[quote=Allan from Fallbrook]
As Bill Clinton famously said, “It’s the economy, stupid” and it is. Unfortunately, Obama does not get this and, in trying to be all things to all people, he’ll satisfy no one. This country is capable of amazing things, but the more reactionary elements of BOTH parties are stifling that capability and strangling growth.[/quote]
Of course it’s the economy, and I think he does get it. But beyond his tactics (which I’ll get to), he faces two possibly insurmountable problems.
First, and probably foremost, I’m not sure there is a fix for the economy. There are tweaks and incentives and a little of this and a little of that, but there is no magic plan that will make it all better in the next 15 months. (At least not one that is politically feasible. The right stimulus would do it. Say .5 to 1 $trillion in infrastruce spending. That wad was already blown.) The right complains that he has no plan. But the truth is, neither does the right. As painful as it may be, doing absolutely nothing might be as effective as doing anything. (At least this was true before the debt limit debacle. Tax rates would have gone up the end of next year. Now it’s tax rates go up AND draconian budget cuts. That will surely NOT help.)
Second, as you mentioned, the intransigent opposition he’s dealing with. And it’s really worse than intransigent, because even if he (Obama) goes a different direction, they won’t support it, because it’s his idea. Nothing he suggests will ever be supported.

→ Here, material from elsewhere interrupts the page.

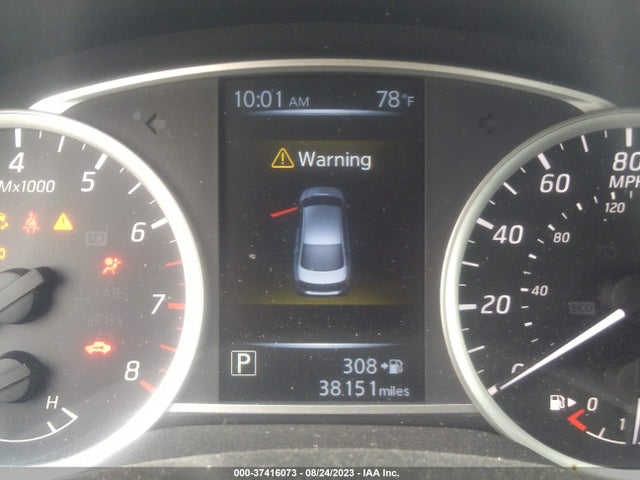 Nissan SENTRA SV 2018 3N1AB7AP9JY223151 Image 8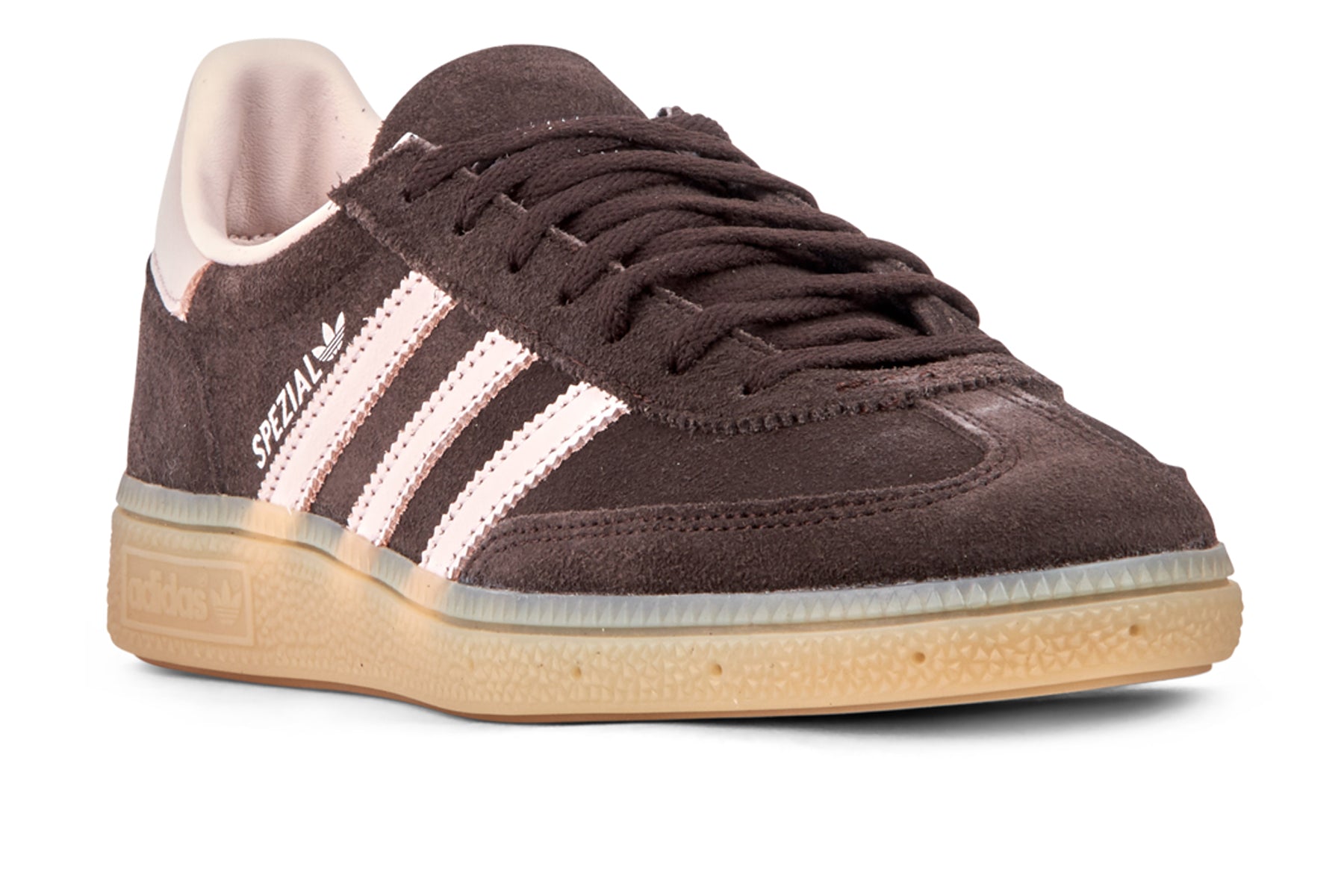 Adidas Handball Spezial W - Aurora Coffee/Sandy Pink/Gum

Obama’s “theory of change” was aimed at offering the political opposition a choice between cooperation on progressive policy initiatives or self-isolation through obstruction and extremism. In other words, in a country unhappy with partisan gridlock, Republicans would either go along with key elements of a progressive agenda, or shrink themselves into an ever-more-extreme ideological rump that was irrelevant to the direction of the country.
(Emphasis supplied.) One GOP landslide in 2010 and an Obama approval rating of 40 later, it seems difficult to argue that the Theory of Change has worked politically. Will Obama stick to it through the 2012 election and will it be advisable for him to do so? I argue, and I think “liberals” argue, that no, that would be a political mistake. Jon Chait and John Cole seem to be arguing that Obama needs to “stay the course.”
Chait and Cole are idiots. I half jokingly suggested to Armando (who, in addition to being a keen political observer, may be the best the left has on SCOTUS issues and analysis) in 2006 that Obama would do well to hire him as a political consultant on both policy and tactics. (He ultimately became a Clinton supporter.) Obama’s pragmatism will be his downfall. It hasn’t worked. It won’t work.